_PROBLEM DETAILS_: The task calls for each line of the records below in which the word "black" appears.

Brief descriptive captions:
========

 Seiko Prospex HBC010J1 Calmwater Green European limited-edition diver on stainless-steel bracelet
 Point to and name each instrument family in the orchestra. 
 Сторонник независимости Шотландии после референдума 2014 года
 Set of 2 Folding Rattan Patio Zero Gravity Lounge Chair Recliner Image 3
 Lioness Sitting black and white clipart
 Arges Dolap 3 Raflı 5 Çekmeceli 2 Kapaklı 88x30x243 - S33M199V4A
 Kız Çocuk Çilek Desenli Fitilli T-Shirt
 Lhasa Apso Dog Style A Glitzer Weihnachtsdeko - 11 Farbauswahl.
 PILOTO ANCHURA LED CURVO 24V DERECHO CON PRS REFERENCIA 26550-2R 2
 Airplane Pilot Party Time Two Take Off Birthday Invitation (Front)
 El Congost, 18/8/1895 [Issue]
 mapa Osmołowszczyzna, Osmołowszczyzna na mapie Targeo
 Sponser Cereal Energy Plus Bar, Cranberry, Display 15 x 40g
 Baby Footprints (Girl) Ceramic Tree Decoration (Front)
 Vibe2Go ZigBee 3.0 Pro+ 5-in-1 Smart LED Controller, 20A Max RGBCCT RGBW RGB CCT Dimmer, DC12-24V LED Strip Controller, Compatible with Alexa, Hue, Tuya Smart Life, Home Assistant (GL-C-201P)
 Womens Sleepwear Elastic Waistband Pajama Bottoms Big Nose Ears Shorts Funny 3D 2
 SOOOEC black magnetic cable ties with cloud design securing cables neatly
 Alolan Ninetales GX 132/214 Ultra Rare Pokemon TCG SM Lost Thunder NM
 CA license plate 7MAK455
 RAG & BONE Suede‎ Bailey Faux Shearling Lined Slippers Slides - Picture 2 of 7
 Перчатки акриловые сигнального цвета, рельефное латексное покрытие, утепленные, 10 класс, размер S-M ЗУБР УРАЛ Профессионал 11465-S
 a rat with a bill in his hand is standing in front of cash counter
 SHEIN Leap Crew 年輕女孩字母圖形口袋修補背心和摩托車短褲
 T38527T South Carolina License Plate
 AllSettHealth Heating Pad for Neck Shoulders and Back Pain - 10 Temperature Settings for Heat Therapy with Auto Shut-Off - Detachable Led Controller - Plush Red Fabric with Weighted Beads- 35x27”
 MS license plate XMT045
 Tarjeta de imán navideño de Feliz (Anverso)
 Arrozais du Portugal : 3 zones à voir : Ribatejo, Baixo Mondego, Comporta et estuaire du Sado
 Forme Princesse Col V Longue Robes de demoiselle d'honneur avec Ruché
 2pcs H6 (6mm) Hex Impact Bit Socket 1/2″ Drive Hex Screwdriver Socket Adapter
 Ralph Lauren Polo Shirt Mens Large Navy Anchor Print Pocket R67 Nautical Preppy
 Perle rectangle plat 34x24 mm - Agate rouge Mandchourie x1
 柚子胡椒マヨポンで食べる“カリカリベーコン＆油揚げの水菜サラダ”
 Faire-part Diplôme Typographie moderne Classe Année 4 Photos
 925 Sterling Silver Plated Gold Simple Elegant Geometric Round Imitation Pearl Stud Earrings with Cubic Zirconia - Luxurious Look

========

_ANSWER TO THIS PROBLEM_:
 Lioness Sitting black and white clipart
 SOOOEC black magnetic cable ties with cloud design securing cables neatly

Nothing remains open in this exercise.